If that’s the case, it’s time for the team to move on from Dodd. He has become nothing more than a walking distraction. The Did Not Report designation will guarantee that one of the first questions asked of Mike Vrabel when they open camp will be about Dodd. For a guy who is currently — at best — the 5th outside linebacker on the team, the player isn’t worth the headache anymore. Dodd won’t have any trade value — short of maybe a conditional 7th — given his lack of production on the field and now questions surrounding his level of commitment.

I’ve seen some suggest that the team should hold on to him right up until the 53-man roster deadline before cutting him as a way of getting back at him and limiting his chances at catching on elsewhere, but that only allows the distraction to drag on. Additionally, being vindictive towards a player is a bad look for a franchise no matter what the player has done, and nothing that Dodd has done rises to the level of that kind of reaction.

I held on to hope for Dodd longer than most. The flashes he showed early in his rookie season — the Lions game in particular — were very promising at times. It’s easy to look back now and criticize the pick — the Titans should have taken Myles Jack, Michael Thomas, Chris Jones, Xavien Howard, etc, etc, etc — but lots of analysts had first round grades on Kevin Dodd coming in to the draft. It’s fair to wonder if this would have been the result if Dodd had not suffered the foot injury that essentially robbed him of his first two offseasons as a pro.

In that sense, I feel bad for him. The injury was clearly mishandled by the former coaching staff who essentially called him out for being soft in the media before recognizing that he actually needed a second operation on his foot following his rookie season. Those were bad breaks, but Dodd has not responded to that adversity well. Missing voluntary OTAs isn’t a big deal for most players — they are voluntary after all — but for a guy that was coming off two very disappointing seasons and was needing a good offseason to stake a claim to a role on this team, missing a chance to work with his new coaches was downright baffling.

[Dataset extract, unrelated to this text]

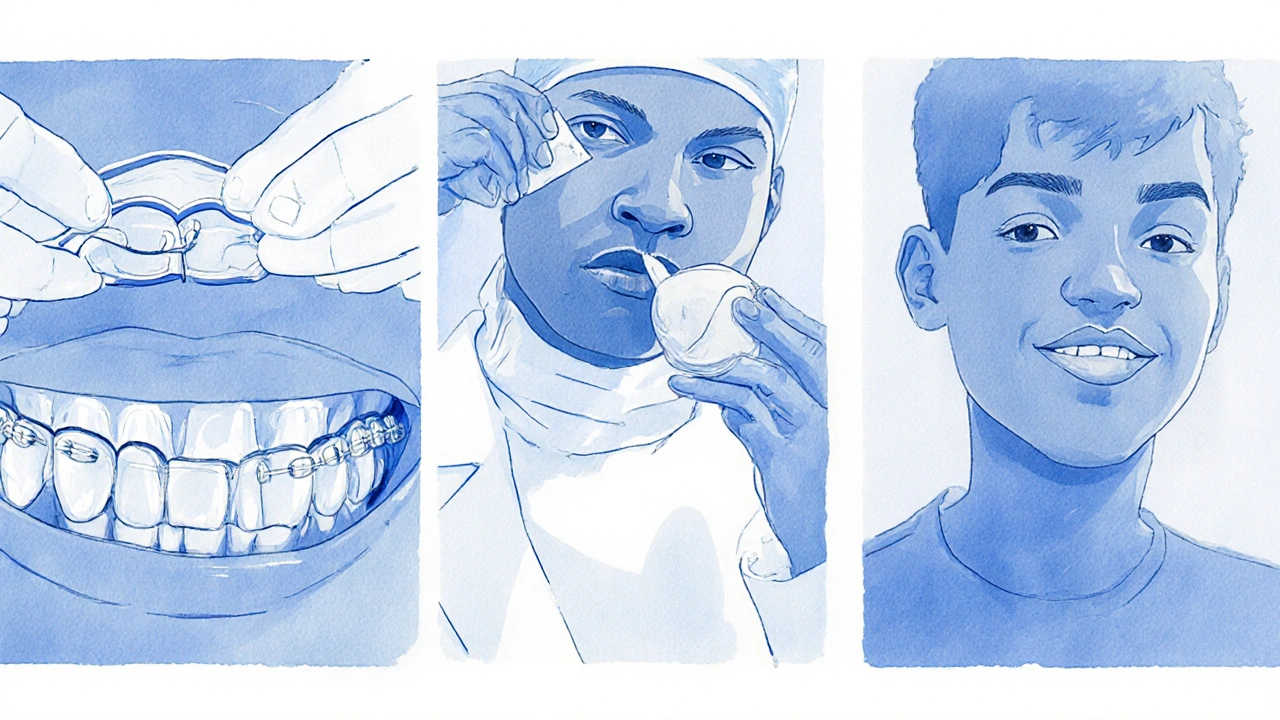V dentální klinice lékař ukazuje brášky, Invisalign a keramické fazety na různých pacientech.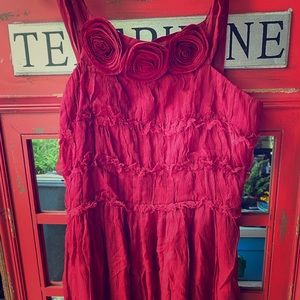 ANTHROPOLOGIE Burlapp Red 100% Silk Dress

All that being said, he currently stands as the biggest miss of the Jon Robinson era by far. Robinson has balanced that miss by having two All-Pros — Jack Conklin and Kevin Byard — in that same draft class so it certainly doesn’t sting quite as bad as it could have. All general managers have misses — even the great Bill Belichick isn’t batting 1.000 — so as long as the hits continue to be Conklin-Byard level, the Dodd’s won’t matter that much. The one thing that Robinson cannot afford to do is allow his pride to get in the way of making the right decision on Dodd though. I don’t expect that it will. He essentially owned up to a miss already this offseason by dumping Sly Williams just one year in to a 3-year deal so we know that he’s not afraid to admit a mistake and move on.

The team won’t save much money by cutting Dodd, but it can simultaneously remove a distraction and send a message to the rest of the roster about the kind of commitment level they expect. Mike Vrabel has said that he will treat players the same way they treat the team. It is apparent that Kevin Dodd has quit on the Titans so it’s time for Mike Vrabel and Jon Robinson to quit on him.